Сталинская тюрьма (или ссылка) представляла в этом смысле совсем особый случай. Здесь сам факт насильственного изъятия из жизни сразу отнимал у заключенного право на сочувствие, хотя бы тайное, тех, кто остался на воле. Отнимал даже право на их жалость.
Мандельштам столкнулся с этим тотчас же после ареста, по дороге в Чердынь.

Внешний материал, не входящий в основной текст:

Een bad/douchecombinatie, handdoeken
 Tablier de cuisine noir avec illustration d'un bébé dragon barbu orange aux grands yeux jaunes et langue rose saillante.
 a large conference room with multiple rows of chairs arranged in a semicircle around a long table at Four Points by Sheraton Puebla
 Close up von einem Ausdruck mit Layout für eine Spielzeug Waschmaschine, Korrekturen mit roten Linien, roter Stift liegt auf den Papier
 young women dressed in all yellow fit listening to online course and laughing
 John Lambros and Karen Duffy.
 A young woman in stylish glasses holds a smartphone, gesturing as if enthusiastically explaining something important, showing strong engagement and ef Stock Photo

…В переполненных вагонах, на шумных вокзалах, – вспоминает Надежда Яковлевна, – на пароходе, словом, всюду никто не обращал внимания на такое экзотическое зрелище, как двое разнополых людей под конвоем трех солдат. Никто даже не обернулся и не посмотрел на нас. Привыкли они, что ли, к таким зрелищам или боялись заразы?.. Равнодушие толпы очень огорчало О. М.: «Раньше они милостыню арестантам давали, а теперь даже не поглядят». Он с ужасом говорил, что на глазах такой толпы можно сделать что угодно – растерзать, убить арестанта… зрители только повернутся спиной…
Потрясло Мандельштама не просто равнодушие. С равнодушием и даже с враждебностью толпы арестант мог столкнуться и по дороге в царскую ссылку. Но тут было другое. Это было столкновение с монолитом, официально именуемым «морально-политическим единством советского народа».